Notice from the IRS indicating the recipient is being penalized $10,000 for failure to file an income tax return.
Example: [Collected via e-mail, February 2012]
To Whom it May Concern,
Please be informed, that you need to pay a penalty because you did not file income tax return before January 31,
Please pay attention, that IRS [Section 6038(b)(1)] rates a monetary penalty to the amount of $10,000 for each [Form 5471]
that is filed after the deadline of the income tax return, or does not comprise the careful information described in [Section 6038(a)].
You will be released from the penalty on condition that the company shows that the failure to file on time was based on ample grounds.
Please use the link below to enter our official site and obtain more information.
Internal Revenue Service United States
Department of the Treasury
Notices purporting to come from the Internal Revenue Service (IRS) make good phishing
bait for a number of reasons:
- Notices from institutions of the federal government (especially an agency with the ominous reputation of the IRS) grab people's attention.
- Unlike other phishing schemes that emulate mailings from various private financial institutions (e.g., Bank of America) and are therefore easily recognized as phony by many recipients (because they do no business with those companies), a forged IRS notice has the potential to take in a much larger pool of victims, as most adult U.S. residents have dealings with that agency.
- Many people find the federal income tax filing process complicated and confusing, so the idea that a return may have gone astray and not made it to its proper destination in time seems plausible.

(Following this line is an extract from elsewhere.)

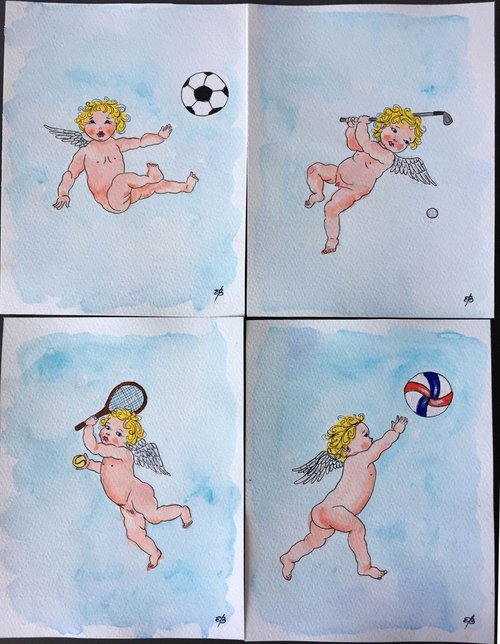 Cupids doing sport by Lena Smirnova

A February 2012 mass phish e-mailing
took advantage of those points, spamming millions of Internet users with phony notices that advised recipients they were being penalized $10,000 each for failure to file income tax returns before a cutoff date of 31 January
2012. (The deadline
for filing U.S. federal income tax returns is actually 17 April
The IRS never sends out unsolicited e-mails
to taxpayers. When the IRS needs to contact a taxpayer, it sends notice via U.S. Mail,
and every such notice includes a telephone number that the recipient can call for confirmation. Should you need to visit the IRS web site for any reason, go there directly (by entering the www.irs.gov
URL into your web browser) rather than following links in e-mail
says about such e-mails
The IRS does not initiate taxpayer communications through e-mail. In addition, the IRS does not request detailed personal information through e-mail or ask taxpayers for the PIN numbers, passwords or similar secret access information for their credit card, bank or other financial accounts.
Do not open any attachments to questionable e-mails, which may contain malicious code that will infect your computer. Please be advised that the IRS does not initiate contact with taxpayers via e-mails.